Researchers said that though it is impossible to confirm the exomoon's presence, the finding is a tantalising first step toward locating others.
The discovery was made by watching a chance encounter of objects in our galaxy, which can be witnessed only once, researchers said.
"We won't have a chance to observe the exomoon candidate again," said David Bennett of the University of Notre Dame, and lead author of a new paper on the findings appearing in the Astrophysical Journal.
The international study is led by the joint Japan-New Zealand-American Microlensing Observations in Astrophysics (MOA) and the Probing Lensing Anomalies NETwork (PLANET) programmes, using telescopes in New Zealand and Tasmania.
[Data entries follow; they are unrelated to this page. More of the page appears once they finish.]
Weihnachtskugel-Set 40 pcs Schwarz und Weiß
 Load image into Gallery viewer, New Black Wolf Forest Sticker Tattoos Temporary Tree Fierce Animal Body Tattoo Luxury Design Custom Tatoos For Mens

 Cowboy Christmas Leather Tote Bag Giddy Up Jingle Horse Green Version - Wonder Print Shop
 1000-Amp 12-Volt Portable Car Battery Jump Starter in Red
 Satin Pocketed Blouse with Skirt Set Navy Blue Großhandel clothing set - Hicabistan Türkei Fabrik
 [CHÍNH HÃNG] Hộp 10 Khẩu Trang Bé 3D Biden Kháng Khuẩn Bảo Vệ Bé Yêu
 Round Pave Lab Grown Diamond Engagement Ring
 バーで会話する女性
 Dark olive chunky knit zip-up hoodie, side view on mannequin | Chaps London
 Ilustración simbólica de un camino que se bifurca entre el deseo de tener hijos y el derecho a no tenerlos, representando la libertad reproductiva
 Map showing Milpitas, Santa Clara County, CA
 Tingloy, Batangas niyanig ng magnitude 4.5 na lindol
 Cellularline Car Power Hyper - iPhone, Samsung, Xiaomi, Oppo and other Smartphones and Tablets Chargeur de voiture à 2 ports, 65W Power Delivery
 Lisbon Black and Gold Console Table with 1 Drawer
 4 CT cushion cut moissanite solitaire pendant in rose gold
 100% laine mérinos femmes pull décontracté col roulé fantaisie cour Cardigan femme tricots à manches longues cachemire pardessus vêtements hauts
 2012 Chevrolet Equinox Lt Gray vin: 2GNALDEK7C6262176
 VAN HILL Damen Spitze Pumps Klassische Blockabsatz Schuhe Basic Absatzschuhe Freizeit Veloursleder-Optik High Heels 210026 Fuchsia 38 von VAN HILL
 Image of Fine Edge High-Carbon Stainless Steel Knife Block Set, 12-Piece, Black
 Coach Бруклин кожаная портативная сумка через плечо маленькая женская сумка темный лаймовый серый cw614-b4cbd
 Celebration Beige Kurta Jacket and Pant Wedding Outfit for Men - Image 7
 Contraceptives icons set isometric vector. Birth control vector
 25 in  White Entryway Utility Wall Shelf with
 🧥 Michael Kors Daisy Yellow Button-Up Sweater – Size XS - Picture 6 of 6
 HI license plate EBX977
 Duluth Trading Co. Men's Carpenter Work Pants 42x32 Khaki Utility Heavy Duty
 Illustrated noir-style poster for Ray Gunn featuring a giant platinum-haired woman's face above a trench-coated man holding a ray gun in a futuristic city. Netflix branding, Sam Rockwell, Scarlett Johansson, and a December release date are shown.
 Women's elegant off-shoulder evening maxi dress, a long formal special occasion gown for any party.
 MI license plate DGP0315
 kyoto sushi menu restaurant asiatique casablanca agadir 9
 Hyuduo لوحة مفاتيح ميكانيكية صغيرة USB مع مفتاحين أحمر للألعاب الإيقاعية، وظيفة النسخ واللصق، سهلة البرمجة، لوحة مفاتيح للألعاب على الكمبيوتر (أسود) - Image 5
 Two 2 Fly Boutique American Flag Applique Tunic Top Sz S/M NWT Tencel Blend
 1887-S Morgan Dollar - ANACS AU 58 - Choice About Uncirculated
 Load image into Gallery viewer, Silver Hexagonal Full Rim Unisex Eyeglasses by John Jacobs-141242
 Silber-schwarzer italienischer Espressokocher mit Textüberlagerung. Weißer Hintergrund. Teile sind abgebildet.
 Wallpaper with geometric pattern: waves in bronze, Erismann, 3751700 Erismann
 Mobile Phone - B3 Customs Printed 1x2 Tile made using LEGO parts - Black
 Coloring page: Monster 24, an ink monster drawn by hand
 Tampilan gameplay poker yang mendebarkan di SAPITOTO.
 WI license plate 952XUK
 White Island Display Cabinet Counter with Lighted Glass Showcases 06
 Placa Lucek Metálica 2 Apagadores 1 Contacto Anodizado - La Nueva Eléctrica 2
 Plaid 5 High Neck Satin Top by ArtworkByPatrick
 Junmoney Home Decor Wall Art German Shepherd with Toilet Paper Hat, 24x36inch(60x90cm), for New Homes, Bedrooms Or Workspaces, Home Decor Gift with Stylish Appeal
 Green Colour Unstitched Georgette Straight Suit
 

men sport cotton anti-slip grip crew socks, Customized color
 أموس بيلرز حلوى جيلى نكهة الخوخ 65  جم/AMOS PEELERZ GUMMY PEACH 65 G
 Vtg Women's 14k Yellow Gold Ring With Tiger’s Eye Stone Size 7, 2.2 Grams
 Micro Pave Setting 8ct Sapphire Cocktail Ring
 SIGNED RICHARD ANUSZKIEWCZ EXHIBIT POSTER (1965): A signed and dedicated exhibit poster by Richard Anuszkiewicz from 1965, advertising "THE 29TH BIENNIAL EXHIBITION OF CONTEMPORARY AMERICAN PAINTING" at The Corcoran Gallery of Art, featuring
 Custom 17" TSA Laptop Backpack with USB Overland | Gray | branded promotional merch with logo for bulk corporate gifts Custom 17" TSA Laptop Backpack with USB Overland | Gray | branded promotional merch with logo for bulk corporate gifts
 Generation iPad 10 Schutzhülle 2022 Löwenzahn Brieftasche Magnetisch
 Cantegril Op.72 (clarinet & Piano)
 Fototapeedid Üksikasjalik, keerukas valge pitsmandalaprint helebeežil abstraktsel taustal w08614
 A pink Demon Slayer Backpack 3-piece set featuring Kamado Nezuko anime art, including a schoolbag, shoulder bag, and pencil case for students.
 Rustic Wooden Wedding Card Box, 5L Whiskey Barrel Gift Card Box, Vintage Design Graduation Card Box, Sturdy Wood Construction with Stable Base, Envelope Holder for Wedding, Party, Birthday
Their technique, called gravitational microlensing, takes advantage of chance alignments between stars.
When a foreground star passes between us and a more distant star, the closer star can act like a magnifying glass to focus and brighten the light of the more distant one. These brightening events usually last about a month.
If the foreground star - or what astronomers refer to as the lens - has a planet circling around it, the planet will act as a second lens to brighten or dim the light even more.
By carefully scrutinising these brightening events, astronomers can figure out the mass of the foreground star relative to its planet.
In some cases, however, the foreground object could be a free-floating planet, not a star.
Researchers might then be able to measure the mass of the planet relative to its orbiting companion: a moon. While astronomers are actively looking for exomoons - for example, using data from NASA's Kepler mission - so far, they have not found any.
In the new study, the nature of the foreground, lensing object is not clear. The ratio of the larger body to its smaller companion is 2,000 to 1.
That means the pair could be either a small, faint star circled by a planet about 18 times the mass of Earth - or a planet more massive than Jupiter coupled with a moon weighing less than Earth.
The problem is that astronomers have no way of telling which of these two scenarios is correct.
The answer to the mystery lies in learning the distance to the circling duo. A lower-mass pair closer to Earth will produce the same kind of brightening event as a more massive pair located farther away.
But once a brightening event is over, it's very difficult to take additional measurements of the lensing system and determine the distance.
The true identity of the exomoon candidate and its companion, a system dubbed MOA-2011-BLG-262, will remain unknown, researchers said.